Missing miner was witness to Shaquille Grant murder; testified at PI

Missing miner Troy Greenidge was a witness in the Shaquille Grant murder Preliminary Inquiry (PI).

However relatives are not sure if his disappearance is connected to his testimony. The alleged shooter has been committed to stand trial in the High Court for the Agricola teen’s 2012 murder.

Relatives said yesterday that hopes of the man, who has been missing for 12 days, still being alive are fading, and an anonymous caller claimed that he had been beaten to death.

Troy Greenidge
Troy Greenidge

Greenidge, 26, of John Fernandes Housing Scheme, went missing after he failed to return home Wednesday October 15. He reportedly left to collect his salary from his employer in Diamond, East Bank Demerara. A formal missing person’s report was made the following Saturday.

Greenidge’s mother Seeta Persaud, told Stabroek News that she had received a call on Wednesday October 22, from someone who told her that her son had been beaten to death and buried.

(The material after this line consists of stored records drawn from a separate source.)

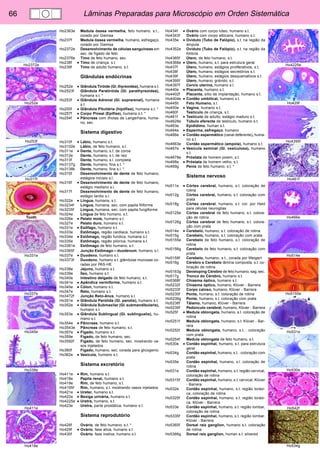 66 Lâminas Preparadas para Microscópio em Orden Sistemática 
Ho4225e 
Ho429f 
Ho4395f 
Ho461f 
Ho466e 
Ho514e 
Ho5155e 
Ho531e 
Ho530e 
Ho542f 
Ho534g 
Ho2372e 
Ho252e 
Ho253f 
Ho317f 
Tooth 
Ho331e 
Ho337e 
Ho345e 
Ho338e 
Ho411e 
Ho418e 
Ho2363e Medula óssea vermelha, feto humano, s.t., 
corado por Giemsa 
Ho237f Medula óssea vermelha, humano, esfregaço, 
corado por Giemsa 
Ho2372e Desenvolvimento de células sanguineas em 
sec. de fígado de feto 
Ho2376e Timo de feto humano, sec. 
Ho238f • Timo de criança, s.t. 
Ho239f Timo de adulto humano, s.t. 
Glândulas endócrinas 
Ho252e • Glândula Tiróide (Gl. thyreoidea), humana s.t. 
Ho2523f Glândula Paratiróide (Gl. parathyreoidea), 
humana s.t. * 
Ho253f • Glândula Adrenal (Gl. suprarenal), humana 
s.t. 
Ho255f • Glândula Pituitária (hipófise), humana s.t. * 
Ho257f • Corpo Pineal (Epífise), humana s.t. * 
Ho254f • Pâncreas com ilhotas de Langerhans, huma-no, 
sec. 
Sistema digestivo 
Ho310f • Lábio, humano s.t. 
Ho3102e Lábio, de feto humano, s.t. 
Ho311e • Dente, humano, s.t. de coroa 
Ho312e Dente, humano, s.t. de raiz 
Ho313f Dente, humano, s.l. completa 
Ho3137g Dente, humano, fina s.t. * 
Ho3138k Dente, humano, fina s.l. * 
Ho315f Desenvolvimento de dente de feto humano, 
estágios iniciais s.l. 
Ho316f • Desenvolvimento de dente de feto humano, 
estágio mediano s.l. 
Ho317f Desenvolvimento de dente de feto humano, 
estágio tardio s.l. 
Ho322e • Língua, humana, s.t. 
Ho3234f Língua, humana, sec. com papila filiforme 
Ho3235f Língua, humana, sec. com papila fungiforme 
Ho324e Língua de feto humano, s.t. 
Ho326e • Palato mole, humano s.t. 
Ho327e Palato duro, humano s.t. 
Ho331e • Esôfago, humano s.t. 
Ho333e Estômago, região cardiaca, humano s.t. 
Ho334e • Estômago, região fundica, humana s.t. 
Ho335e Estômago, região pilorica, humana s.t. 
Ho3361e Estômago de feto humano, s.t. 
Ho3365f Junção Estômago – duodenum, humano, s.l. 
Ho337e • Duodeno, humano s.t. 
Ho3373f Duodeno, humano s.t. glândulas mucosas co-radas 
por PAS-HE 
Ho338e Jejuno, humano s.t. 
Ho339e Íleo, humano s.t. 
Ho340e Intestino delgado de feto humano, s.t. 
Ho341e • Apêndice vermiforme, humano s.t. 
Ho345e • Cólon, humano s.t. 
Ho347e Reto, humano s.t. 
Ho3472f Junção Reto-ânus, humano s.l. 
Ho351e • Glândula Parótida (Gl. parotis), humano s.t. 
Ho352e • Glândula Submaxilar (Gl. submandibularis), 
humano s.t. 
Ho353e • Glândula Sublingual (Gl. sublingualis), hu-mano 
s.t. 
Ho354e • Pâncreas, humano s.t. 
Ho3543e Pâncreas de feto humano, s.t. 
Ho357e • Fígado, humano s.t. 
Ho359e Fígado, de feto humano, sec. 
Ho3592f Fígado, de feto humano, sec. mostrando va-sos 
injetados 
Ho360f Fígado, humano, sec. corada para glicogenio 
Ho362e • Vesícula, humano s.t. 
Sistema excretório 
Ho411e • Rim, humano s.t. 
Ho418e Papila renal, humano s.t. 
Ho419e Rim, de feto humano, s.t. 
Ho4195f Rim, humano, s.t. mostrando vasos injetados 
Ho421e • Ureter, humano s.t. 
Ho422e • Bexiga urinária, humano s.t. 
Ho4225e • Uretra, humano, s.t. 
Ho423e Uretra, parte prostática, humano s.t. 
Sistema reprodutório 
Ho428f Ovário, de feto humano, s.t. * 
Ho429f • Ovário, fase ativa, humano s.t. 
Ho430f Ovário, fase inativa, humano s.t. 
Ho434f • Ovário com corpo lúteo, humano s.t. 
Ho4343f Ovário com corpo albicans, humano s.t. 
Ho435e • Oviduto (Tubo de Falópio), s.t. na região da 
ámpula 
Ho4352e Oviduto (Tubo de Falópio), s.t. na região da 
fimbria 
Ho4365f Útero, de feto humano, s.t. 
Ho4368e • Útero, humano, s.t. para estrutura geral 
Ho437f Útero, humano, estágios proliferativos, s.t. 
Ho438f Útero, humano, estágios secretórios s.t. 
Ho439f Útero, humano, estágios desquamativos s.t. 
Ho4395f Útero, humano, grávido, s.t. 
Ho4397f Cervix uterina, humano s.l. 
Ho440e • Placenta, humano s.t. 
Ho4402f Placenta, sítio de implantação, humano s.t. 
Ho4404e • Cordão umbilical, humano s.t. 
Ho445h Feto Humano, s.l. 
Ho450e • Vagina, humano s.t. 
Ho460f Testículo de criança, s.t. 
Ho461f • Testículo de adulto, estágio maduro s.t. 
Ho4628e Túbulo eferente de testículo, humano s.t. 
Ho463e Epidídimo, human s.t. 
Ho464e • Esperma, esfregaço, humano 
Ho466e • Cordão espermático (canal deferente), huma-no 
s.t. 
Ho4663e Cordão espermático (ampola), humano s.t. 
Ho467e • Vesícula seminal (Gl. vesiculosa), humano 
s.t. 
Ho4678e Próstata de homem jovem, s.t. 
Ho468e • Próstata de homem velho, s.t. 
Ho469g Penis de feto humano, s.t. * 
Sistema nervoso 
Ho511e • Córtex cerebral, humano, s.t. coloração de 
rotina 
Ho512g Córtex cerebral, humano, s.t. coloração com 
prata 
Ho518g Córtex cerebral, humano, s.t. cor. por Held 
para células neuroglias 
Ho5125e Córtex cerebral de feto humano, s.t. colora-ção 
de rotina 
Ho5126g Córtex cerebral de feto humano, s.t. colora-ção 
com prata 
Ho514e • Cerebelo, humano, s.t. coloração de rotina 
Ho515g Cerebelo, humano, s.t. coloração com prata 
Ho5155e Cerebelo de feto humano, s.t. coloração de 
rotina 
Ho5156g Cerebelo de feto humano, s.t. coloração com 
prata 
Ho5158f Cerebelo, humano, s.t., corada por Weigert 
Ho516g Cérebro e Cerebelo lâmina composta, s.t. co-loração 
de rotina 
Ho5163g Developing Cérebro de feto humano, sag. sec. 
Ho517g Tronco do Cérebro, humano s.t. 
Ho5368f Chiasma óptico, humano s.t. 
Ho5232f Chiasma óptico, humano, Klüver - Barrera 
Ho5233f Corpo caloso, humano, Klüver - Barrera 
Ho5235f Ponte, humano, s.t. coloração de rotina 
Ho5236g Ponte, humano, s.t. coloração com prata 
Ho5238f Tálamo, humano, Klüver - Barrera 
Ho5239f Pedúnculo cerebral, humano, Klüver - Barrera 
Ho525f • Medula oblongata, humano, s.t. coloração de 
rotina 
Ho5251f Medula oblongata, humano, s.t. Klüver - Bar-rera 
Ho5252t Medula oblongata, humano, s.t. . coloração 
com prata 
Ho5254f Medula oblongata de feto humano, s.t. 
Ho530e • Cordão espinhal, humano, s.t. para estrutura 
geral 
Ho534g Cordão espinhal, humano, s.t. . coloração com 
prata 
Ho535e Cordão espinhal, humano, s.l. coloração de 
rotina 
Ho531e Cordão espinhal, humano, s.t. região cervical, 
coloração de rotina 
Ho5315f Cordão espinhal, humano, s.t. cervical, Klüver 
- Barrera 
Ho532e Cordão espinhal, humano, s.t. região toráxi-ca, 
coloração de rotina 
Ho5325f Cordão espinhal, humano, s.t. região toráxi-ca, 
Klüver - Barrera 
Ho533e Cordão espinhal, humano, s.t. região lombar, 
coloração de rotina 
Ho5335f Cordão espinhal, humano, s.t. região lombar, 
Klüver - Barrera 
Ho5365f Dorsal raíz ganglion, humano s.t. coloração 
de rotina 
Ho5366g Dorsal raíz ganglion, human s.t. silvered 
 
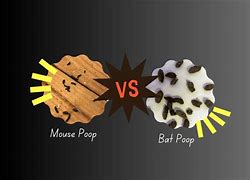 Image result for Mouse vs Bat Poop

She said the female caller, who blocked her number, informed her that her Greenfield Park house was broken into twice and that her son might have been involved. She added that the caller claimed that some men were talking about beating Greenidge and burying him in the area.

Persaud said following that call she visited the Providence Police Station on Thursday and presented the phone to ranks there. However, she said she was referred to the Brickdam Police station, where she met with a senior Criminal Investigations Department officer, who collected the phone to assist with investigations into her son’s disappearance.

When this publication enquired whether Greenidge had had any run-ins with the law, the woman said that he was among the young men at Agricola, when 17-year-old Shaquille Grant was murdered during a police operation in the community. “He was the second one they were going to shoot,” Persaud claimed.

However, when asked if she believed there was a nexus between his disappearance and his involvement in the murder case, she said she did not know.

The death of Grant, 17, of lot 72 ‘BB’ Eccles, East Bank Demerara, was met with outrage in Agricola, as eyewitnesses had said that one officer was seen standing over the teen as he fired bullets into his body. Greenidge, a friend of the deceased, had testified during the PI that saw Police Constable Terrence Wallace being committed to stand trial for Grant’s murder.

“As I stand up here as a mother,” Persaud told this newspaper, “me ain’t leaving me son.” Furthermore, the emotional woman said, “I got to get he [Greenidge].”

She questioned the alleged beating to death of her son over the break and enter accusation. All attempts at retrieving an update from Police Crime Chief Leslie James in relation to Greenidge’s disappearance, proved futile.